Медленно, строку за строкой, читал статью, впитывал каплю за каплей яд.
Вопиющая, бессовестная неправда! Все извращено, оклеветано. Я ненавижу Огнерубова, люблю Паромова. Это же ясно. Проповедую одну-единственную мораль — коммунистическую! Мне хотелось кричать, протестовать, жаловаться, доказывать правоту. Но я молча стоял перед газетой. Холодел, старел, терял силы. Рядом кто-то изумленно воскликнул:
— Ну и ну! Выдали!
Выбираюсь из толпы, иду по Крещатику. Шагаю все так же, с руками, сцепленными за спиной, с поднятой головой. Что делать? Куда податься? Все ясно, но мне чего-то еще недостает.
Тут же, на Крещатике, помещалась Всеукраинская контора по прокату фильмов. Я зашел к управляющему, показал удостоверение корреспондента «Правды», попросил объяснить действия расклейщика афиш. Управляющий плотно прикрыл дверь и доверительно рассказал следующее. Сегодня ночью сотрудники НКВД на мотоциклах разъезжали по кинотеатрам Киева: опечатывали коробки с кинолентой «Закон жизни». Фильм запрещен, признан антисоветским и подлежит немедленному изъятию. О статье в «Правде» он ничего не сказал, наверное, еще не знал о ней. Я поблагодарил управляющего и вышел на улицу.
Все прояснилось. Складывай руки, автор, закрывай глаза, отдавай богу душу!
Я вернулся в гостиницу, позавтракал в сумрачном пустом зале, поднялся в номер и стал ждать режиссера, собирающегося ставить фильм «Люди, перешагнувшие границу». Он явился, как всегда, вовремя, ровно в десять. Мы сразу приступили к делу. Работали над режиссерским сценарием три часа, очень плодотворно.

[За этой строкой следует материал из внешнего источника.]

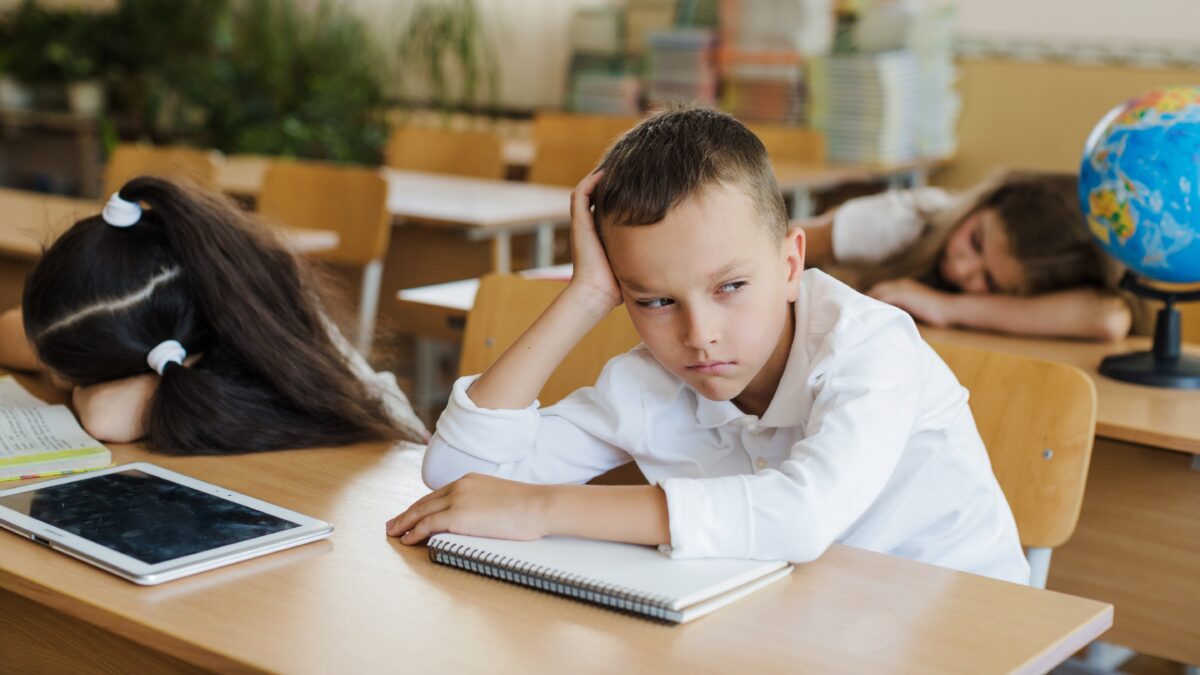 Ни в какую не хочет в школу: что делать, если учитель гнобит ребёнка?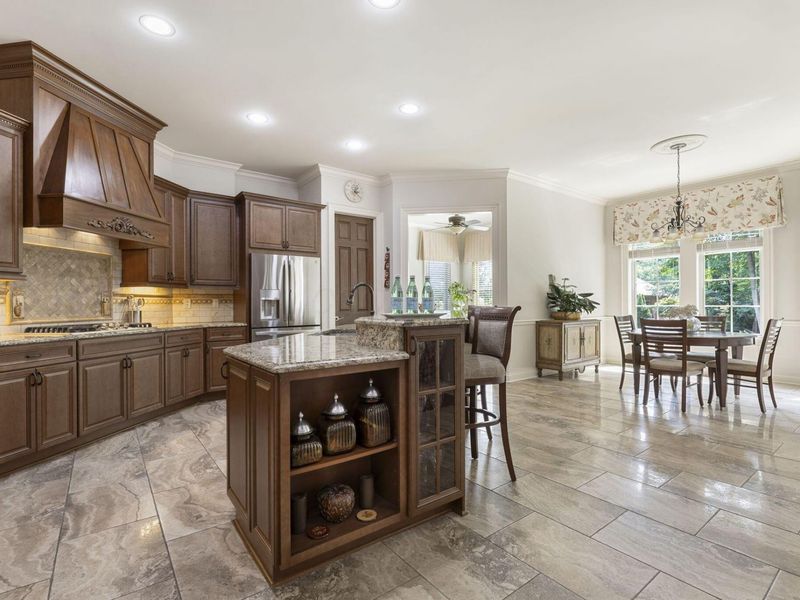 5502 Via Alvito Drive , Westerville, OH 43082 Photo 13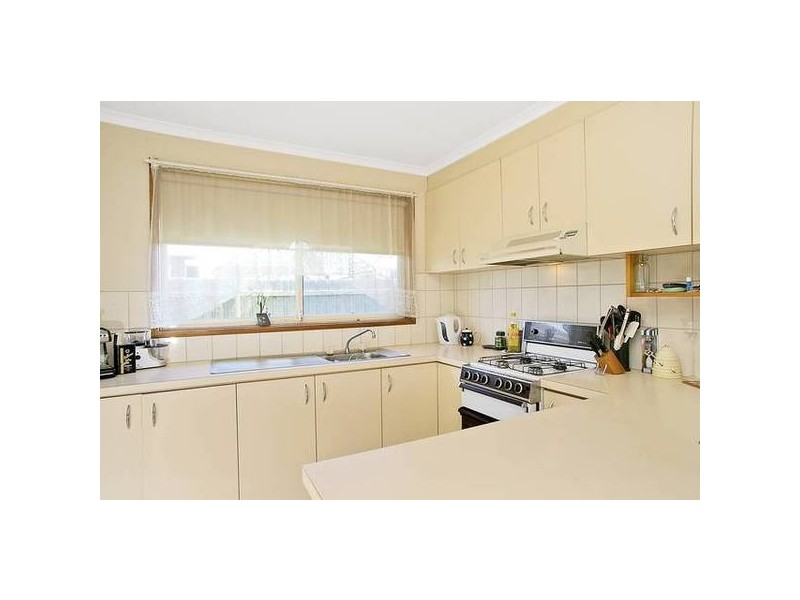 2/6 Harvard Court, Whittington VIC 3219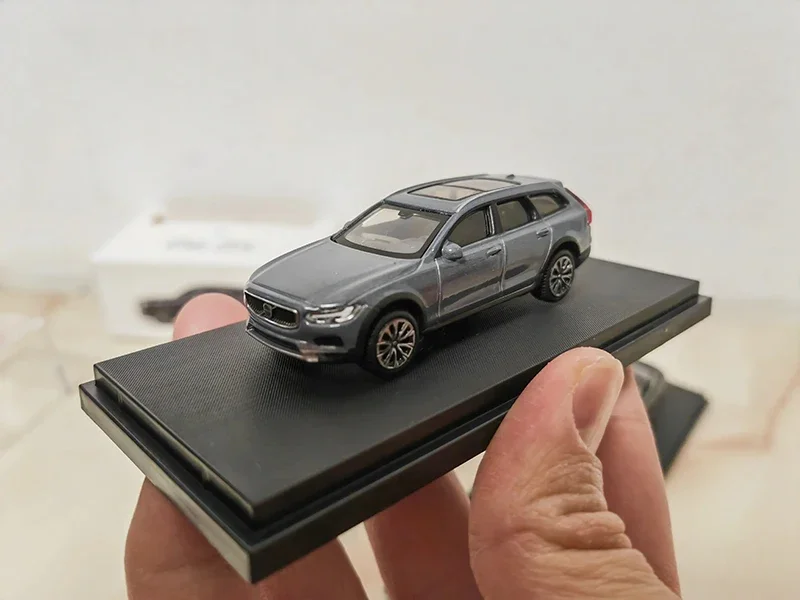 Diecast 1:64 Scale Volvo XC90 S90 V90 XC40 C40 XC60 Vehicle Alloy Car Model Toy Collectible Ornament Souvenir Toys Cars Display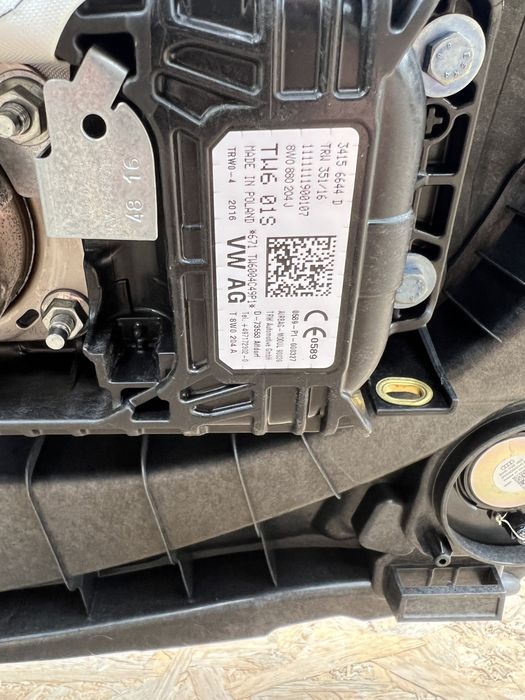 Audi А4 B9 Торпеда з подушкою Ауді А4 Б9 Панель торпедо консоль
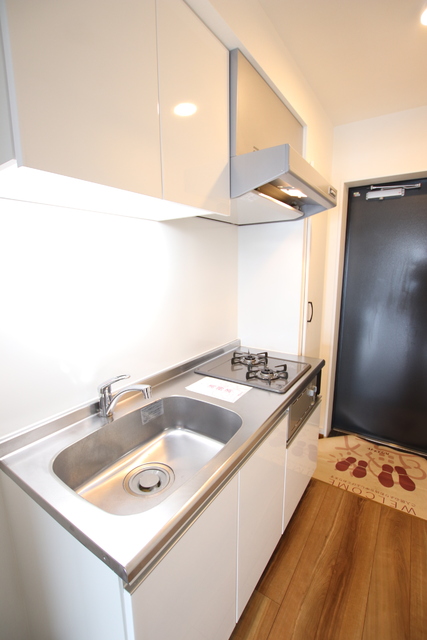 キッチン　★吊戸棚やシンク下にも収納があります★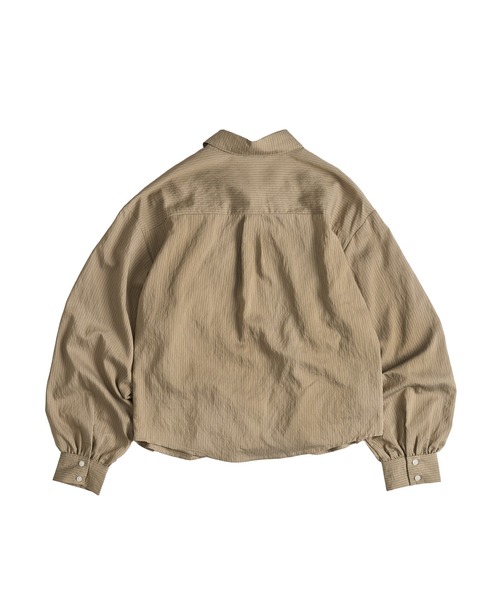 MUHET（ミュエータ）の「gather design long sleeve blouse / ギャザーデザインブラウス（シャツ/ブラウス・レディース・モカ/オフホワイト/ブラック/ライトブルー・FREE）」の9枚目の写真
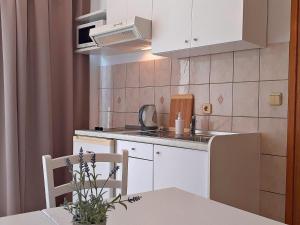 Apartment mit Balkon in Strandnähe by Interhome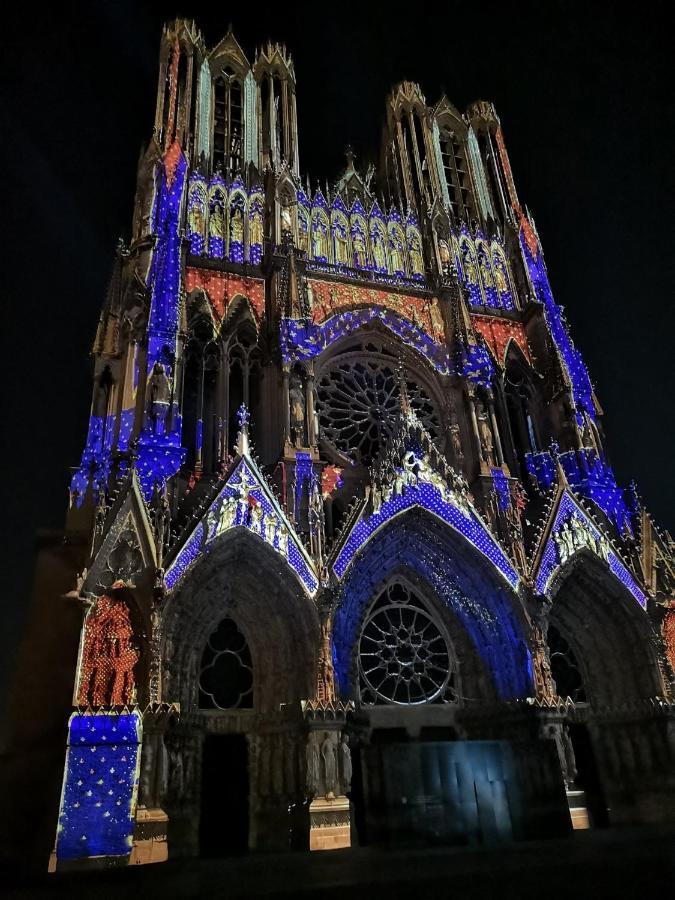 Centre Reims Cathedrale Avec Balcon Lejlighed Eksteriør billede
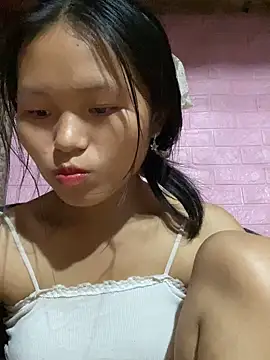 milo bae online show from 11-17-25, 02:15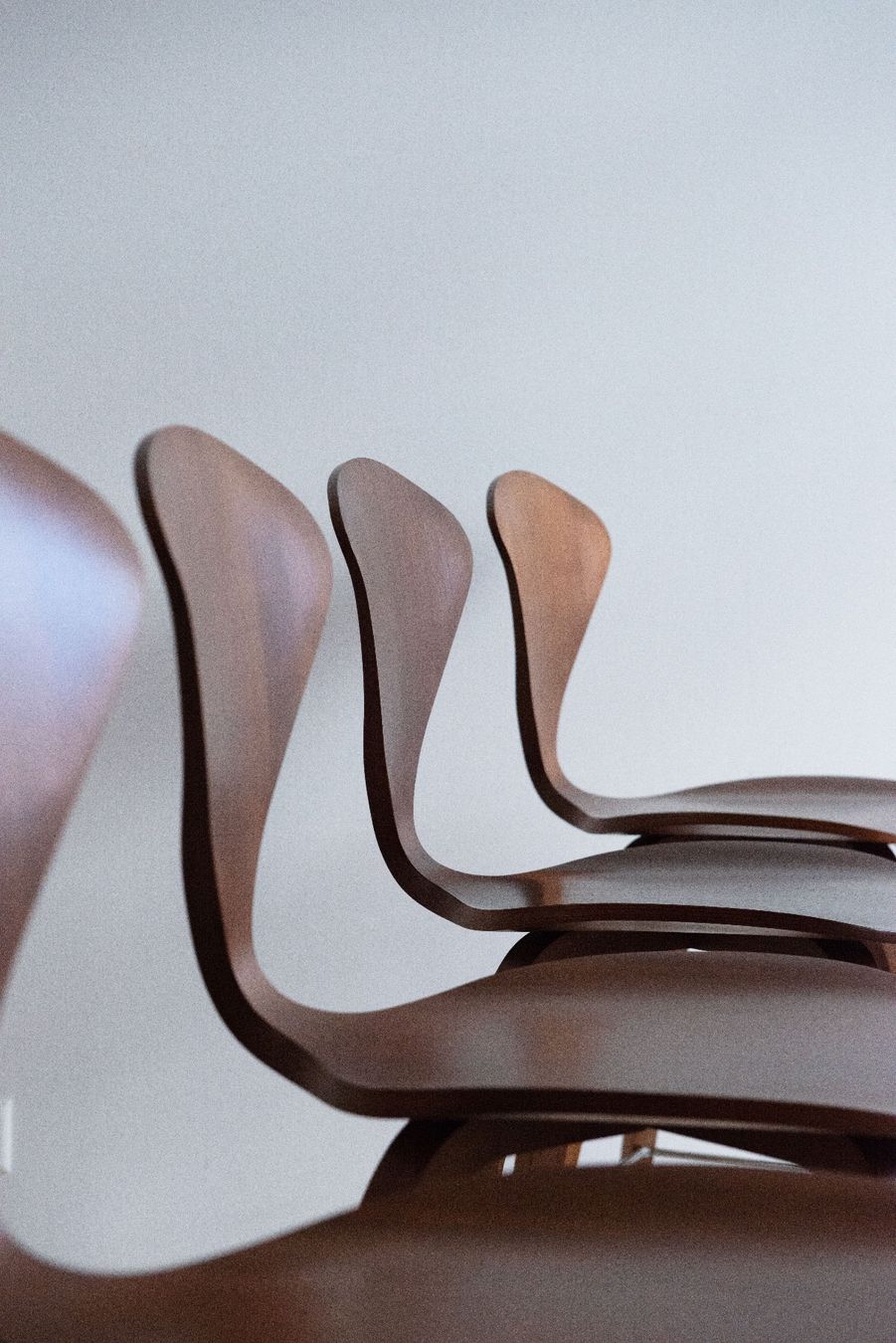 Stühle: Set of 4 Norman Cherner Bar Stools Walnut – Gebraucht aus Zürich von heydaymoebel 2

Потом я пошел провожать режиссера. И тут только я поведал ему, что «Закон жизни» запрещен, что в «Правде» напечатана разгромная статья. Режиссер подавленно смотрел на меня и ничего не говорил, не пытался задавать вопросы, ничуть не притворялся. Откровенно рассматривал автора сценария как обреченного.
Попрощавшись, я пошел своей дорогой. Мы не условились встретиться завтра в девять. Само собой понятно, что договорные отношения с Киевской киностудией будут разорваны.
Спустился на Крещатик, прошел мимо стенда с сегодняшней «Правдой», где все так же толпился народ, на почтамте заказал разговор с Макеевкой. Примерно через час меня соединили. Откликнулась Люба. Рада-радешенька, что я позвонил. Спешит сообщить, что соскучилась, что хочет прилететь в Киев.
Эх, Люба, Люба! Подвел я тебя, дружок. Выходила замуж за писателя, щедро обласканного государством, а теперь выясняется… Выдержишь ли все, что выпадет на твою долю? По твоим ли плечам неимоверная тяжесть?
Я молча выслушиваю ее ласковую скороговорку.
— Что с тобой? — встревожилась Люба. — Ты не хочешь, чтоб я приехала? Почему молчишь?
Рассказал о статье в «Правде». Говорил и удивлялся: до чего толково, вразумительно, кратко и ясно излагаю чудовищное, невероятное. Будто речь шла не обо мне, а о ком-то другом.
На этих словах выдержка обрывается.